The author contends that this is just another instance of an individual or group of individuals invoking “religious freedom” as a justification for hurtful and discriminatory attitudes and actions, and is the result of antiquated, fundamentalist teaching. He compares this with the laws recently passed (and subsequently withdrawn or modified) in Indiana and Arkansas.
Those laws, and this act, share the same underlying principle: a discomfort, dislike, fear or downright hatred of a certain group of people just because they’re different. Whether the targets are women, gays, Muslims or dark-skinned immigrants, citing scriptural passages from the Bible or Quran to justify ugly prejudices has little to do with actual religious conviction, but is part of the “religious freedom” invoked by fundamentalists of all faiths.
That is the gist of his comments, and I wondered if you have anything to remark about the above? Is a man refraining from shaking hands with a woman an Orthodox law and, according to your interpretation, does it exhibit disdain toward women?

Marcie W.

Dear Marcie,
The comments of the writer which you quote is predicated upon a gross misunderstanding of Jewish law in general and this law in particular.
This author’s comments are obviously based on his worldview that the laws of the Torah are not prescribed by God, rather man-made (and not “woman-made”).
Hence, it is plausible that this or any other Torah laws could be fundamentally chauvinistic and prejudiced against women.
Anyone who believes that the mitzvot of the Torah are of divine origin would know, however, that there must be something deeper going on, and not simply some vehicle of hatred. Obviously the Creator of woman does not disdain His creation; man and woman are equally beloved in the eyes of God although they are obviously different in many ways.
Not understanding the law
The said author also reveals his total ignorance in the understanding of this particular law, namely the Torah’s prohibition of coming into physical contact with members of the opposite sex (except, obviously, for close relatives). The author assumes, based on his bias, that the prohibition is for a man to have physical contact with a woman, when, in fact, a woman is equally proscribed from physical contact with a man (in the situations mentioned above; we obviously are not referring to a husband and wife, or parents and children, etc.).
This instruction is not some fundamentalist, extremist attitude, rather a verse in the Torah, (see Leviticus 18:6; Maimonides Code, Issurei Biah 21:1; and codified in the Code of Jewish Law 20:1).
All of the above is with regard to physical contact conducted in a loving or lustful way. Maimonides is clear that the Torah prohibition applies only when the contact is in the above manner. Where there is room for dispute is in regard to shaking hands in a businesslike manner.
There is a dispute among the later authorities if this would come under the broader concern that physical contact of any kind may lead to other things, or it would be excluded since, presently, it is not with that intent.
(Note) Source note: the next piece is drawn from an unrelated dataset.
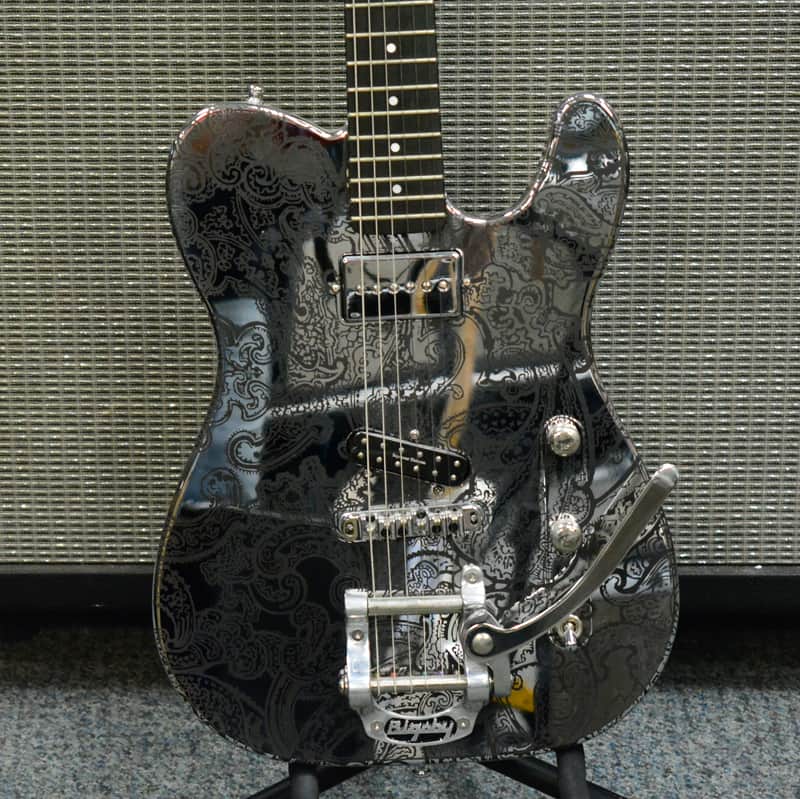 Liquid Metal Guitars Telecaster - Aluminum image 1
All Halachic authorities of Jewish law prohibit hand shaking of the opposite sex, maintaining that even if it would not be proscribed by Torah law, it would come under rabbinic prohibition, applying equally to men and women.
There is, however, a dispute if a member of the opposite sex has already extended their hand. Some contend that one could then shake their hand in a minimal way as so not to potentially insult the person. Many authorities consider this to be under the same prohibition as general physical contact.
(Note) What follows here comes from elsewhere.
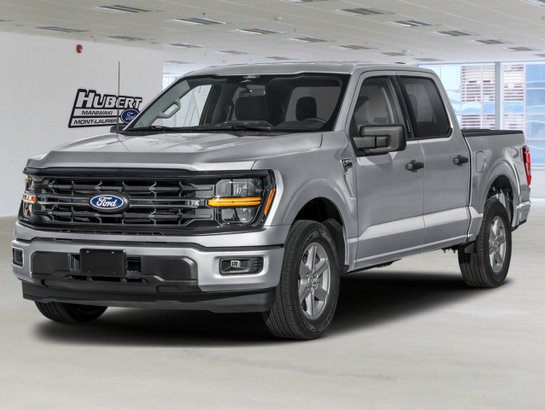 Ford F-150 2026 2026 Argent emblématique métallisé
Just as an observant person wouldn’t think of eating non-kosher food in order to not insult another (he or she would find a way to explain they don’t eat such food), so too they refrain in this thorny situation, and do their best to explain to the other to the best of their ability that the other person will not be insulted.
This has nothing at all to do with disdain or hatred for a member of the opposite sex; it only means that all physical contact is reserved for one’s spouse or family members. I, personally, act in accordance with the first opinion, which was that of my late mentor Rav S.Z. Aurbach ob’m, who contended that one should not risk insulting the other person, relying, after the fact, on the reality that the handshake is not lustful contact.
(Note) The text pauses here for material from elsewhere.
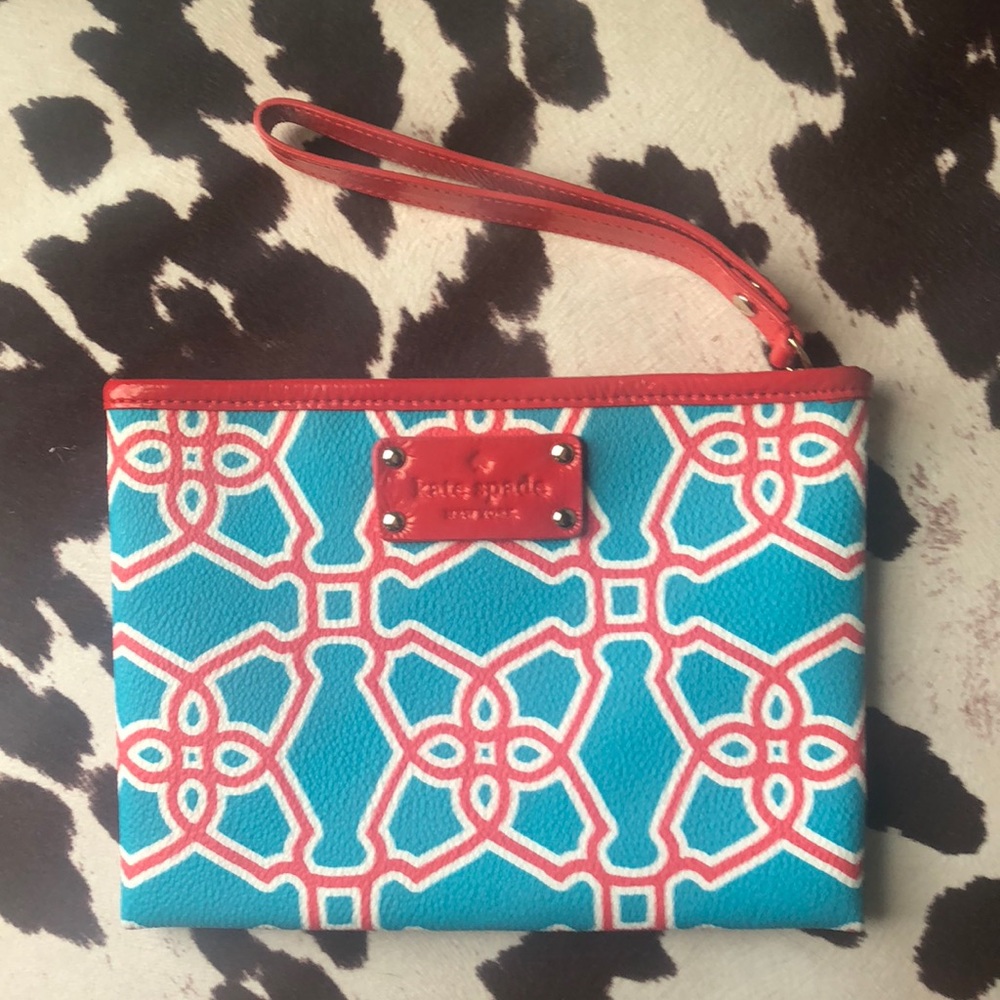♠️ KATE SPADE Moroccan Market Wristlet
Many, however, act in accordance with the second opinion, and both are acceptable practices as we have explained, and should not be criticized for conducting themselves in that manner.
I wonder if the author in question would maintain that the Orthodox Jew should, indeed, partake of the non-kosher food offered by a non-observant Jew as not to insult him or her.
Would he further maintain that not to do so is exhibiting a fundamentalist approach and a disdain, or even hatred, of his or her host to decline the food?
Would the author similarly criticize a Conservative rabbi as racist because he refuses to conduct a mixed wedding? We have a lot to think about the slippery slope society is sliding along when those in Indiana and anywhere else are no longer allowed to exercise their own religious freedom when it clashes with the opinions of those who reject them.
We have lived through too many times in our history when our religion was considered outmoded, and we have sadly lived (or died) through the results of those times.